Cresce em julgados o tom crítico ao enunciado 347 da súmula do STF (“O Tribunal de Contas, no exercício de suas atribuições, pode apreciar a constitucionalidade das leis e dos atos do poder público”). A falência da tese de jurisdição de contas, por óbvio, imporia a definitiva erosão da legitimidade do enunciado: os atos e leis dos entes fiscalizados não poderiam ser questionadas pelo Tribunal de Contas, a quem não se reconhece nem a arguição de inconstitucionalidade, posto que não figura entre os legitimados para tal.

Mas veja que Leis Orçamentárias são, antes de mais nada, Leis. As destinações mínimas à educação, saúde e previdência, as vedações orçamentárias, as participações de Municípios e Estados nas receitas dos estados e da União, as limitações de endividamento e de gasto com pessoal, de outro lado, são disposições constitucionais. Nesse sentido, a retirada da Carta Política enquanto paradigma apto ao controle da conduta parece abreviar muito do que hoje constitui função do Tribunal. Há ainda diversas outras regras, acerca de funcionalismo, previdência, cargos, empregos e funções e teto remuneratório, todas figurando na Carta Política e, portanto, passariam a estar indisponíveis ao Controle.

Ademais, o que estaria a impedir que, ante o panorama de relativização do dever de prestar contas anteriormente mencionado, os ordenadores de despesa atalhassem sua defesa no Tribunal, alegando, por exemplo: “as contas estão regulares, mas, sobre elas, reservo-me o direito de falar em juízo”?

Talvez deveria o Tribunal se recolher em sua escola de contas. Aliás, nesse intuito foi lançado o art. 173 da nova Lei de Licitações (“Os tribunais de contas deverão, por meio de suas escolas de contas, promover eventos de capacitação para os servidores efetivos e empregados públicos designados para o desempenho das funções essenciais à execução desta Lei, incluídos cursos presenciais e a distância, redes de aprendizagem, seminários e congressos sobre contratações públicas”).

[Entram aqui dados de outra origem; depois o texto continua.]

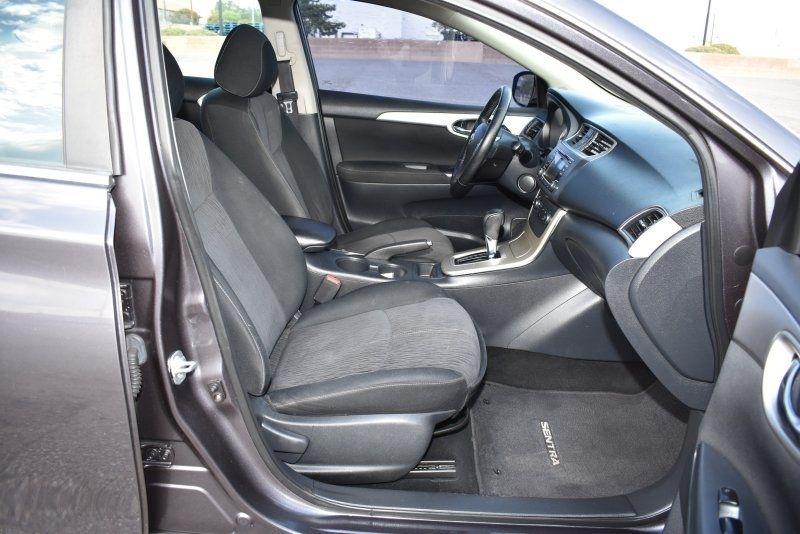 Nissan Sentra 4dr Sdn I4 CVT SV 2015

Nenhuma disposição ilustra com maior clareza o périplo por que passa a Corte de Contas, posto que jurisdição é função peculiar daqueles que falam por último, já a educação, daqueles que falam por primeiro.

Enfim, não há instituição que emerja isenta de deficiências e imperfeições dos rigores da vida. Tais faltas legitimam propostas de avanço que elas e a academia podem e devem formular, tudo em busca da máxima efetividade e cumprimento do que consta na Constituição.

A Constituição é uma coleção de dizeres que, justapostos, adquirem ares de sonho aspirado por uma abnegada esperança em dias melhores. Faz parte dessa utopia o mito de um órgão instigador da contínua melhoria técnica da gestão. Sabe-se lá quantas gerações de paulatinos avanços e pequenos regressos a fé nesse porvir é capaz de resistir. Talvez devêssemos apostar nos mitos.

 

  • Alexandre Manir Figueiredo Sarquis é Conselheiro-Substituto do TCE-SP, doutorando em Direito Financeiro USP, professor da FIPECAFI.